■ **What the task asks**:
Return, exactly and with nothing added, the line with "Podest präsentieren. Zu" together with all lines after it through the end of the data below. No pictures belong in the copy.

■ **Stored data**:
::::

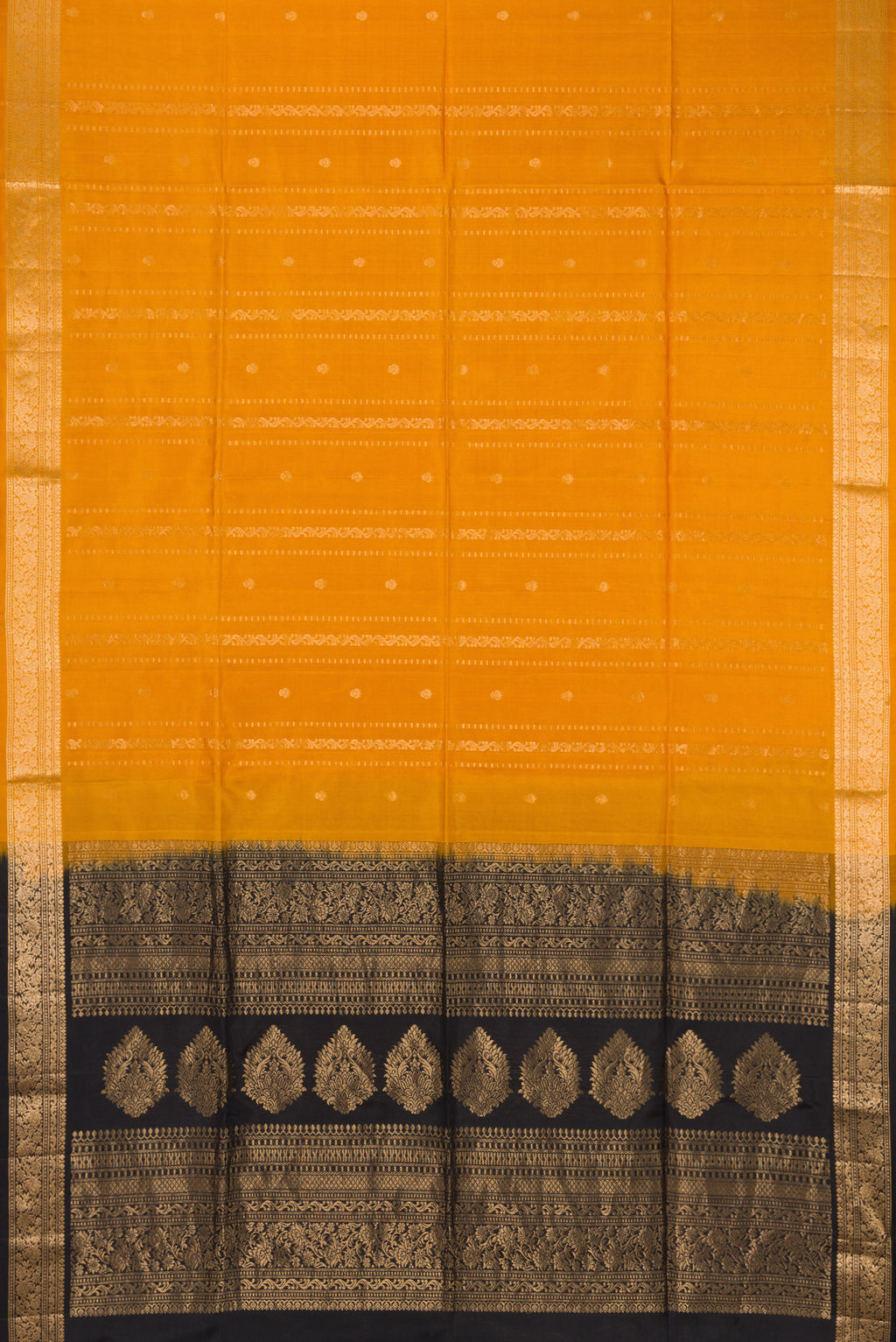 Flat view of Mustard Soft Silk Saree with Zari Butta on the body and Zari Border. 
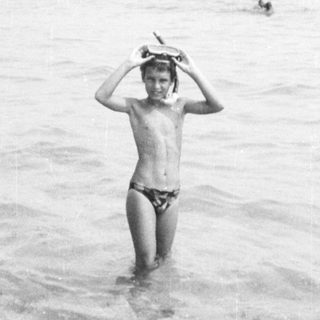 Shirtless boy in shallow saltwater, holding hat.
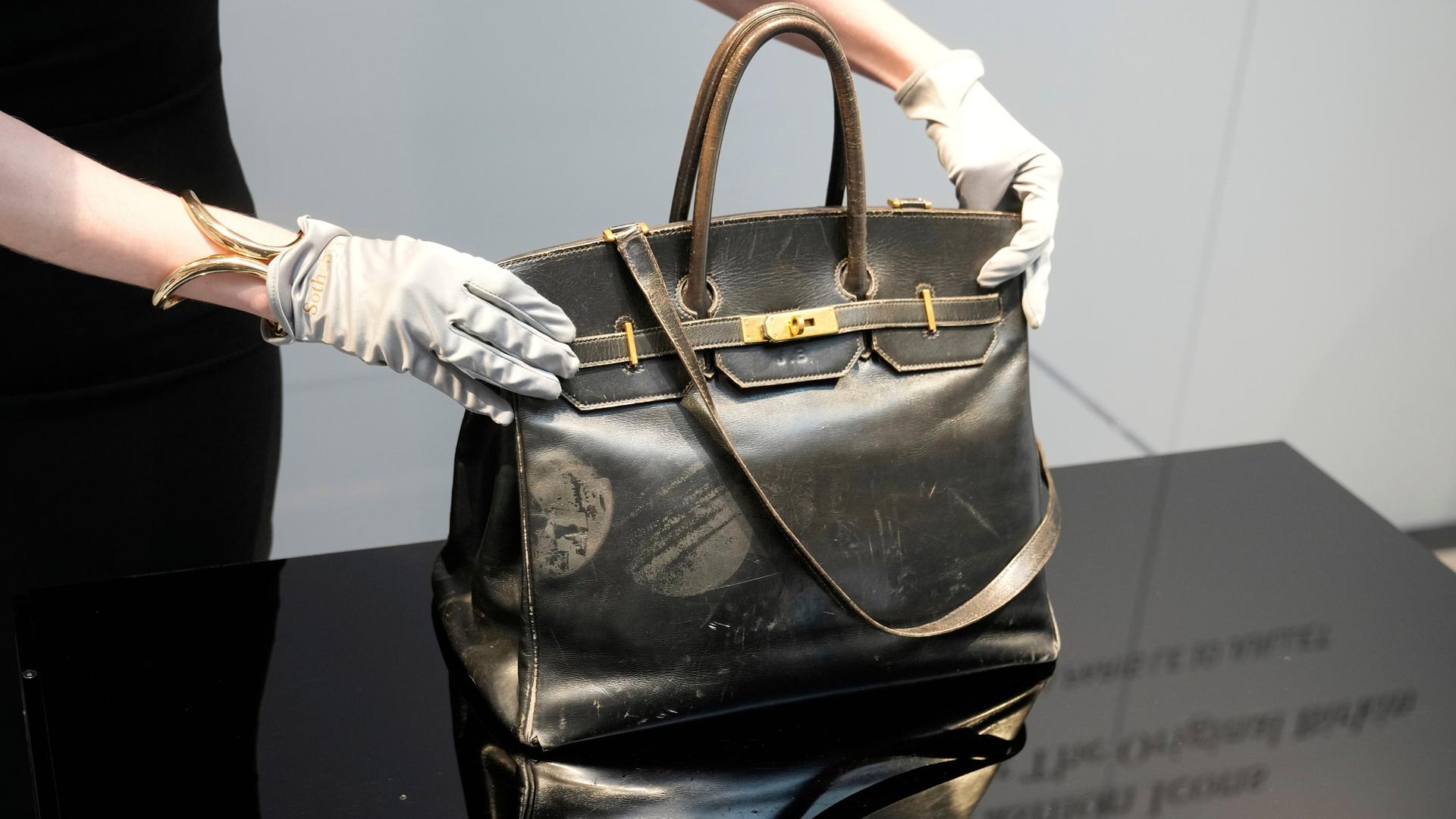 Zu sehen sind zwei Hände in weißen Handschuhen, die eine Designer-Handtasche auf einem Podest präsentieren. Zu sehen sind zwei Hände in weißen Handschuhen, die eine Designer-Handtasche auf einem Podest präsentieren.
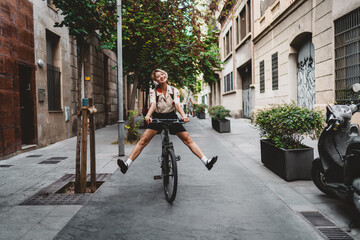 Naklejka premium Woman on bicycle stretches both legs forward while riding, headphones on, smiling brightly. Portrays joy, freedom, and playful interaction with mobile technology in modern freelance life.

::::

■ **Answer section**:
 Zu sehen sind zwei Hände in weißen Handschuhen, die eine Designer-Handtasche auf einem Podest präsentieren. Zu sehen sind zwei Hände in weißen Handschuhen, die eine Designer-Handtasche auf einem Podest präsentieren.
 Naklejka premium Woman on bicycle stretches both legs forward while riding, headphones on, smiling brightly. Portrays joy, freedom, and playful interaction with mobile technology in modern freelance life.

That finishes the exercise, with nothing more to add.